Builds websites and e-commerce at JC Web Studio, runs StackCompass – a publication on content architecture and stack decisions – and co-organizes CMS Conf, a conference on content systems.

/ / 7 min read

A recent paper on arXiv proves that every elementary mathematical function - sine, cosine, logarithm, square root, the constants π and e, all of complex arithmetic - can be generated from a single operator: eml(x, y) = exp(x) − ln(y) combined with the constant 1. Two rules. That is the complete basis.

The paper, by Andrzej Odrzywołek (April 2026), frames EML as a mathematical analog of NAND completeness in logic: just as every Boolean circuit can be built from NAND gates alone, every elementary function can be expressed as a finite tree of eml operations. The grammar fits in one line: S → 1 | eml(S, S). At tree depth 2 through 4, nearly any target function is reachable. At depth 5 and beyond, success rate collapses to under 1%.
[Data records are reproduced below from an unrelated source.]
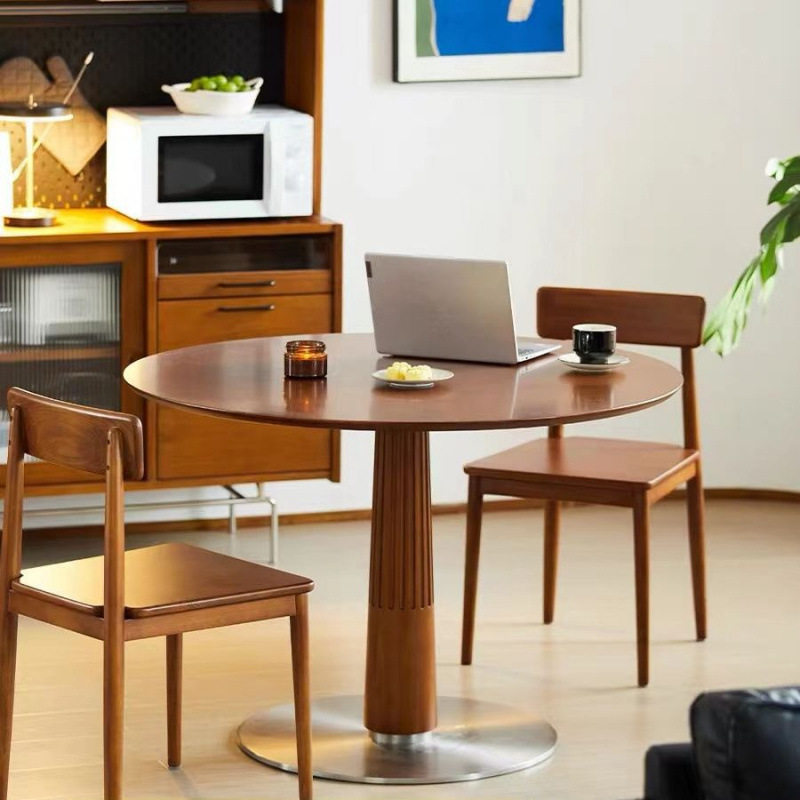 中古风实木小圆桌家用小户型桌椅组合阳台胡桃木色圆形餐桌,商业/办公家具,餐桌椅系列,淘宝优惠券,粉丝福利购,淘宝优惠卷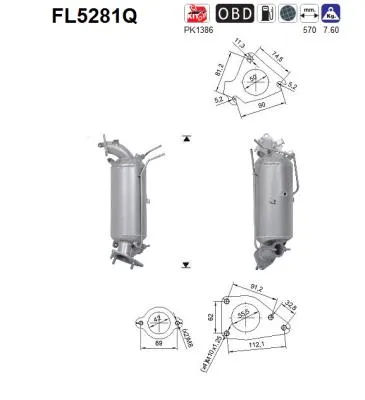 Soot/Particulate Filter, exhaust system Honda CR-V IV · Honda CIVIC IX · Honda CIVIC IX Tourer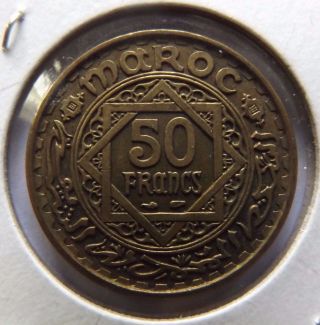 1951 Morocco 50 Francs Great Details See Pictures Large Coin photo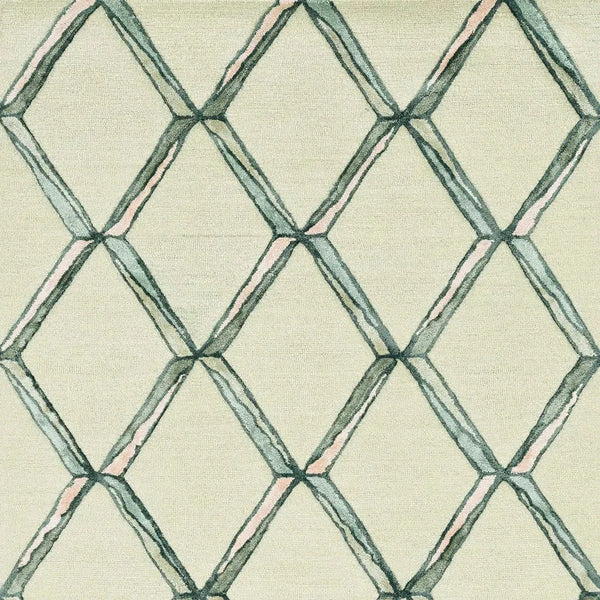 12' X 15' Cream Wool Geometric Hand Tufted Area Rug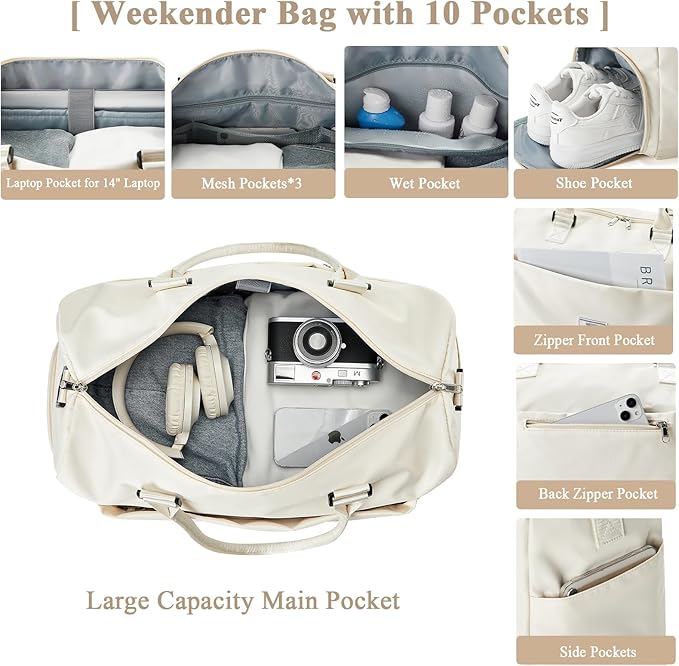 HYC00 Travel Duffel Bag,Carry-on Overnight Weekender Bags for Women,Sports Tote Gym Bag with Wet Pocket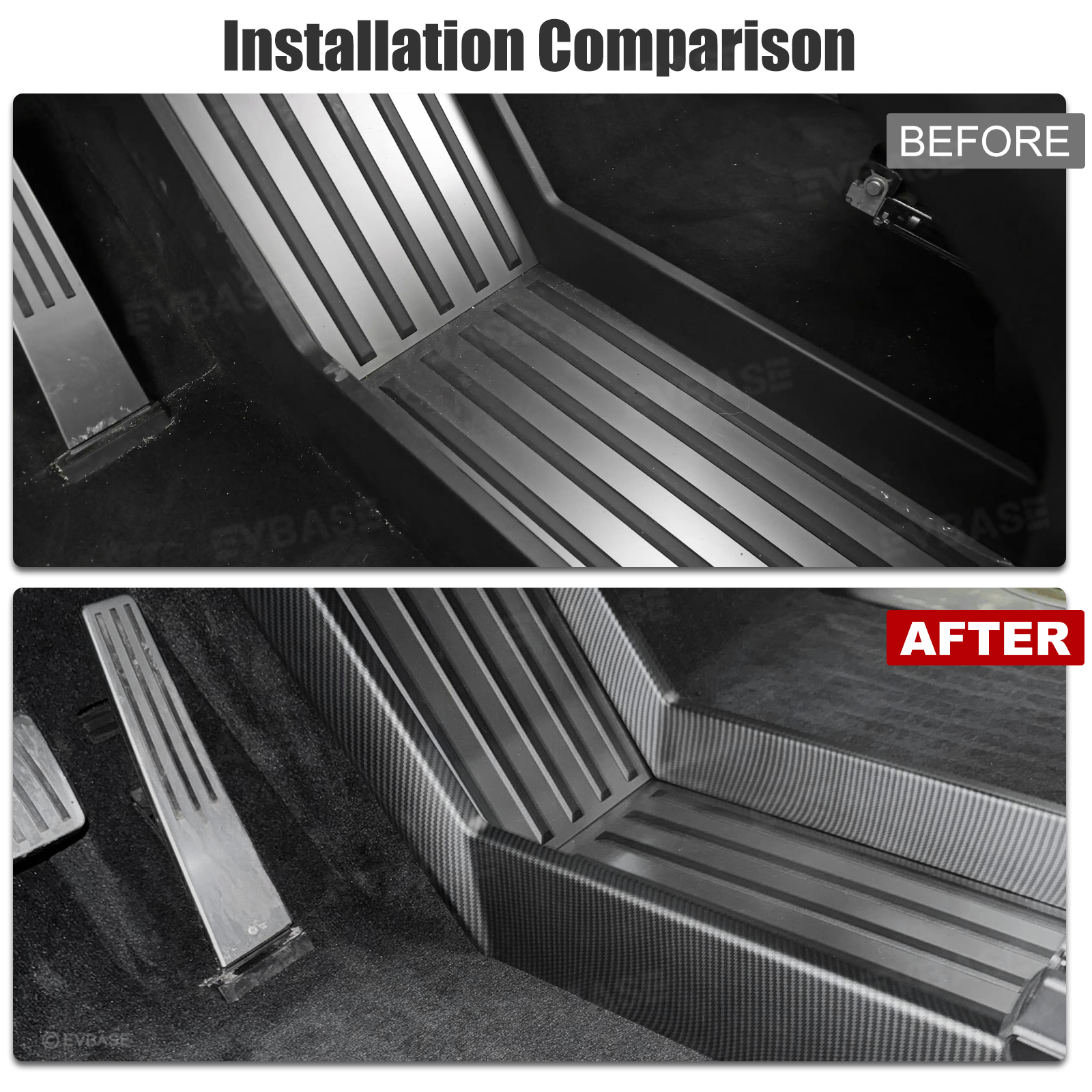 Cybertruck Lower Center Console Side Trim Covers ABS Carbon Fiber Style Protective Overlay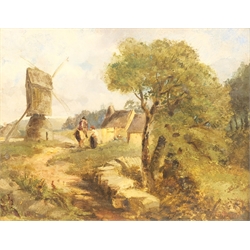 English School (19th century): Figures on Horseback by a Windmill, oil on board indistinctly signed Wilkie? (possibly David Wilkie), 19cm x 24cm and Woodland Walk, early 20th century oil on board unsigned 42cm x 35cm (2)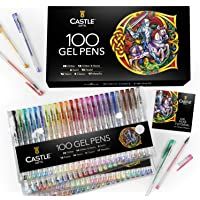 Castle Art Supplies 100 bolígrafos de gel con estuche- para niños y adultos. Libros para colorear- dibujo- scrapbooking…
The math stands on its own. But there are two things in this paper that transfer directly to how development teams build and maintain systems.

What “Minimal Basis” Means for Stack Auditing

The deep question the EML result forces is not “what can we build?” but “what is the irreducible set we actually need?” Everything else is derivable - present for convenience, not necessity.

Most technology stacks do not get designed this way. They accumulate. A mature SaaS product ends up with three caching layers added by three different engineers at three different company stages. An e-commerce platform runs two SEO plugins installed by different teams that never spoke to each other. An observability setup routes the same service-health signal through five different alert paths because each incident spawned a new alert rule and nobody decommissioned the old one.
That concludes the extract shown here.